• TASK REQUIREMENTS: For the records below, please print exactly and only the lines from the one with "Girl Trying To" down to the one with "<YONHAP PHOTO-1515> TO", both ends included, omitting the pictures.

• ENTRIES PROVIDED:

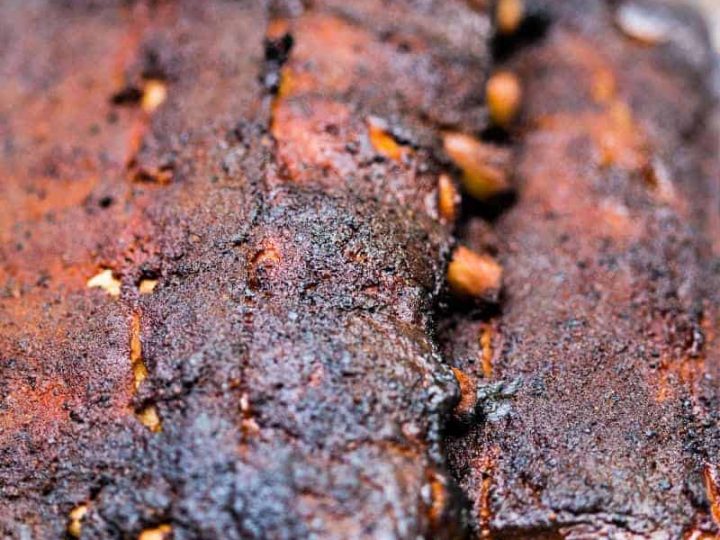 two racks of smoked baby back ribs in an aluminum pan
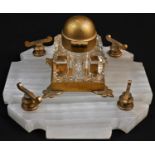 A Victorian Gothic Revival gilt brass and white onyx shaped square inkstand, Betjemann's patent well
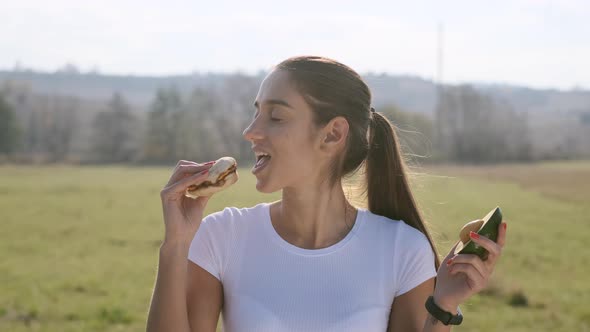 Girl Trying To Choose Between Hamburger And Avocado alt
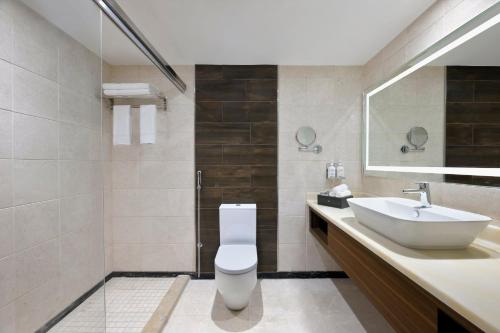 a bathroom with a white toilet and a sink at Holiday Inn Jeddah Corniche, an IHG Hotel in Jeddah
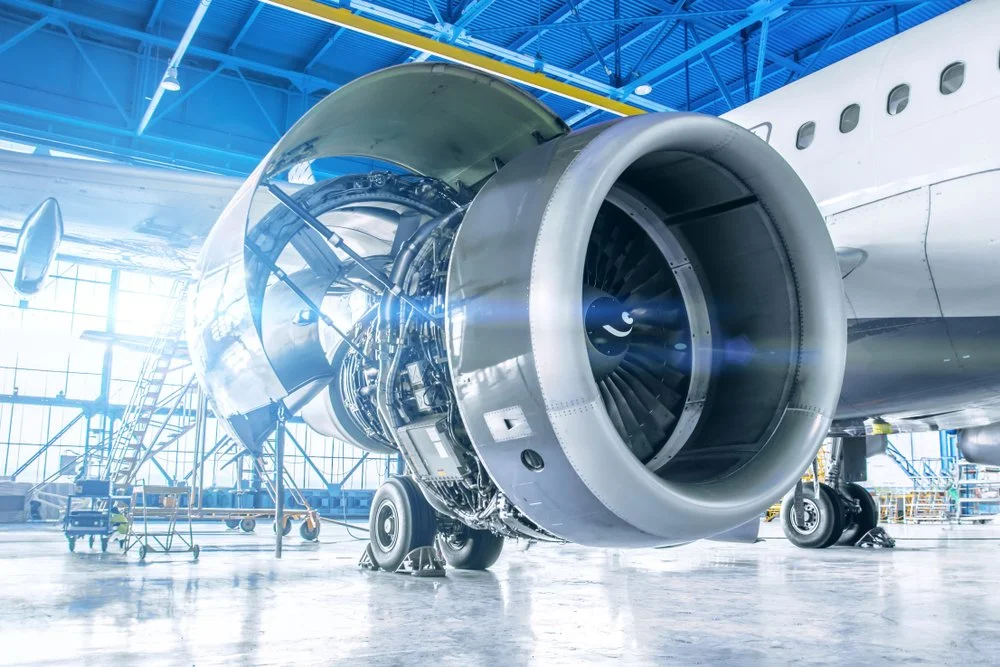 Close-up of a commercial airplane engine at an aircraft manufacturing facility with stairs and equipment in the background.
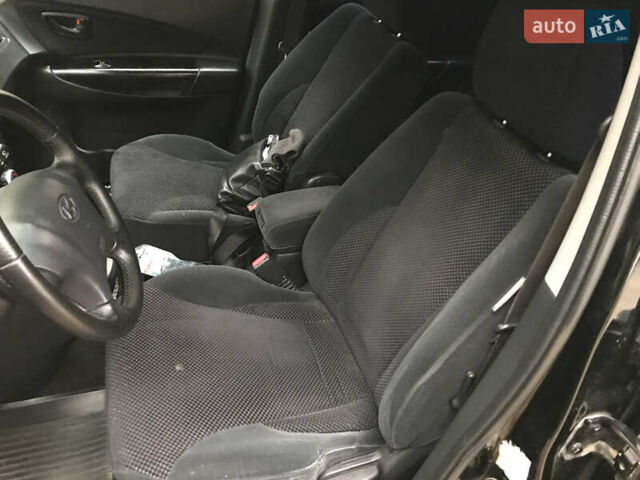 Черный Хендай Туксон, объемом двигателя 2 л и пробегом 261 тыс. км за 6500 $, фото 20 на Automoto.ua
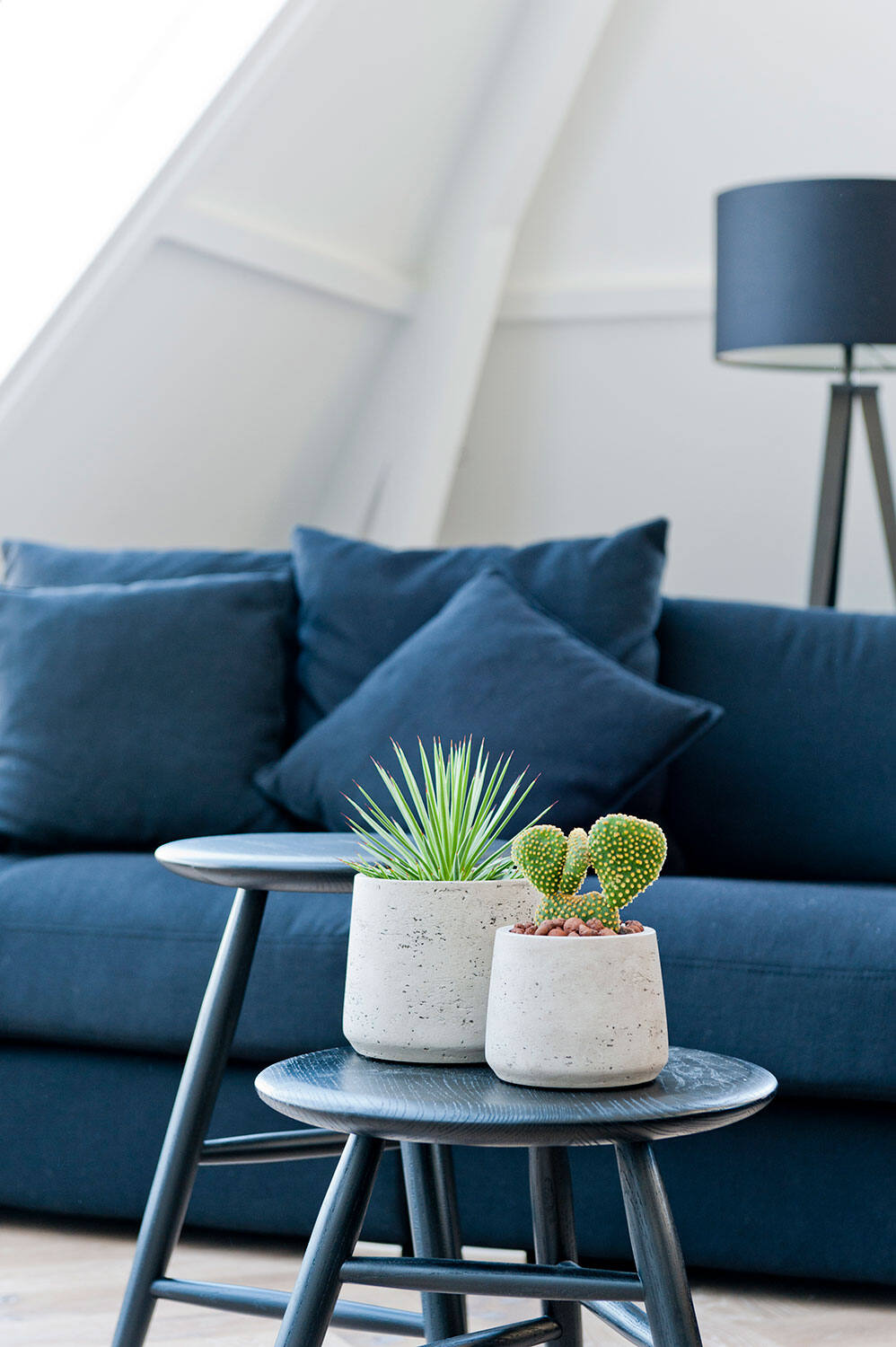 Two different sized Patt Pots in Grey washed both potted with succulents and cactus on a wooden stool in front of a blue sofa.  By Pottery Pots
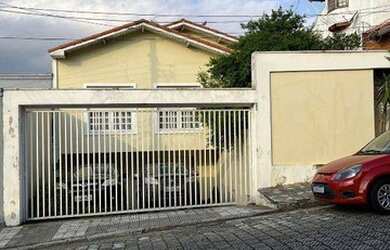 Imagem: A casa possui 3 Dormitórios, 4 Banheiros, 4 Vagas na garagem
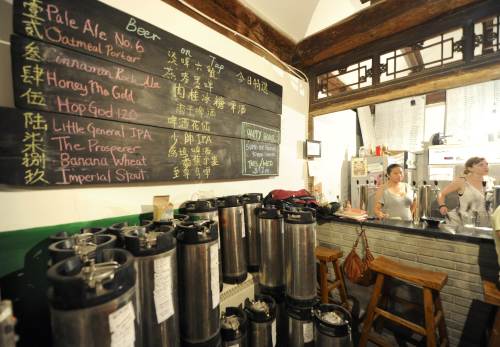 <YONHAP PHOTO-1515> TO GO WITH AFP STORY Lifestyle-China-beer,FEATURE by Allison Jackson The photo taken on July 23, 2011 shows a bartenders (R) working at the Great Leap bar in Beijing. In a pokey room in a backstreet of Beijing, self-taught brewer Carl Setzer uses spicy Sichuan peppercorns, Oolong tea leaves and cinnamon to invent beer flavours suited to Chinese taste-buds. AFP PHOTO / LIU JIN /2011-10-05 13:03:21/ <저작권자 ⓒ 1980-2011 ㈜연합뉴스. 무단 전재 재배포 금지.>\r\nBartenders working at the Great Leap bar in Beijing.      AFP-Yonhap News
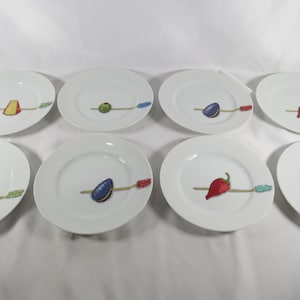 May include: A set of eight white ceramic plates, each featuring a central graphic of a food item skewered on a decorative stick. The food illustrations include cheese, an olive, a plum, a chili pepper, shrimp, and a mussel, all in color.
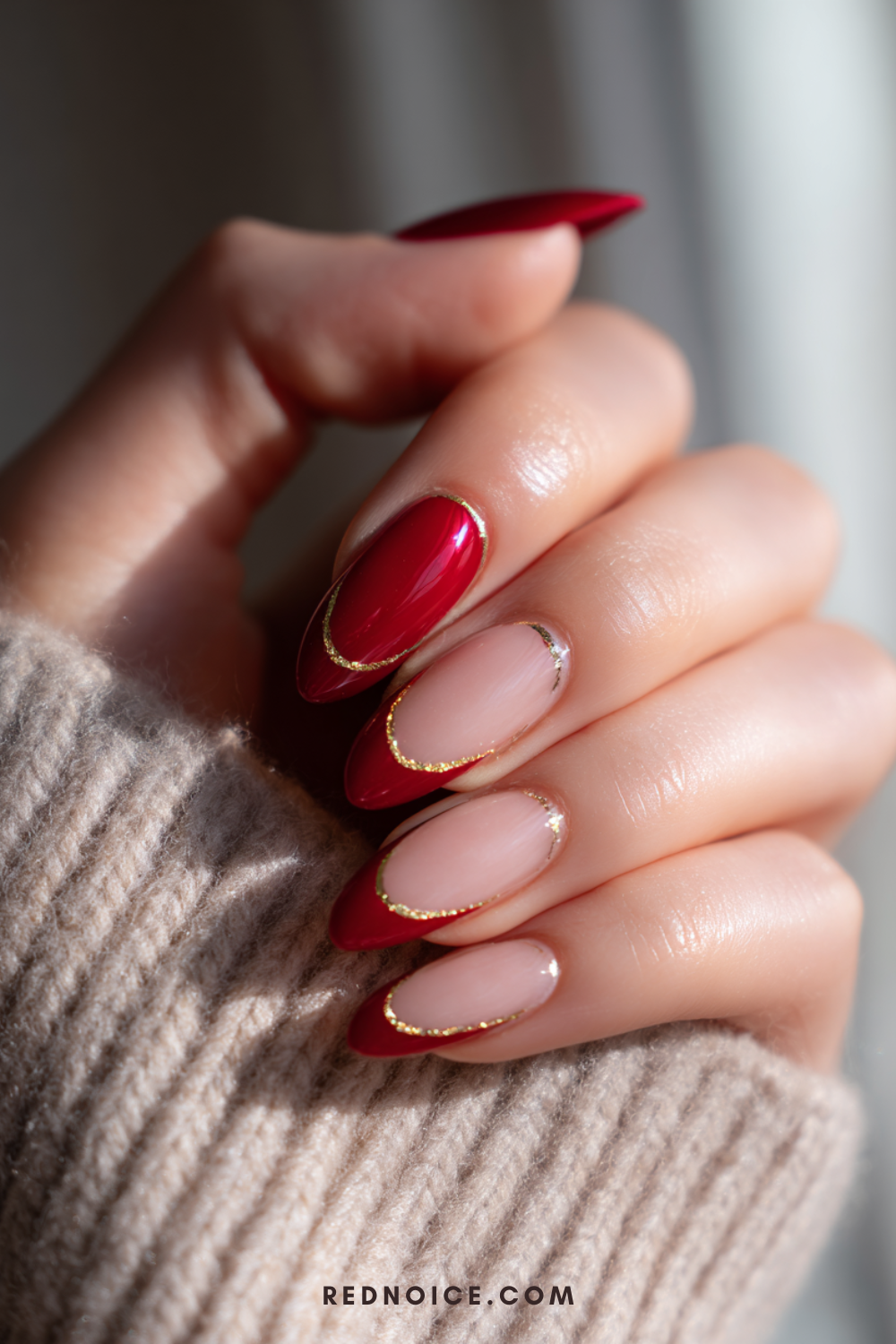 Red and gold French tips on almond nails.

• RESPONSE BOX:
 Girl Trying To Choose Between Hamburger And Avocado alt
 a bathroom with a white toilet and a sink at Holiday Inn Jeddah Corniche, an IHG Hotel in Jeddah
 Close-up of a commercial airplane engine at an aircraft manufacturing facility with stairs and equipment in the background.
 Черный Хендай Туксон, объемом двигателя 2 л и пробегом 261 тыс. км за 6500 $, фото 20 на Automoto.ua
 Two different sized Patt Pots in Grey washed both potted with succulents and cactus on a wooden stool in front of a blue sofa.  By Pottery Pots
 Imagem: A casa possui 3 Dormitórios, 4 Banheiros, 4 Vagas na garagem
 <YONHAP PHOTO-1515> TO GO WITH AFP STORY Lifestyle-China-beer,FEATURE by Allison Jackson The photo taken on July 23, 2011 shows a bartenders (R) working at the Great Leap bar in Beijing. In a pokey room in a backstreet of Beijing, self-taught brewer Carl Setzer uses spicy Sichuan peppercorns, Oolong tea leaves and cinnamon to invent beer flavours suited to Chinese taste-buds. AFP PHOTO / LIU JIN /2011-10-05 13:03:21/ <저작권자 ⓒ 1980-2011 ㈜연합뉴스. 무단 전재 재배포 금지.>\r\nBartenders working at the Great Leap bar in Beijing.      AFP-Yonhap News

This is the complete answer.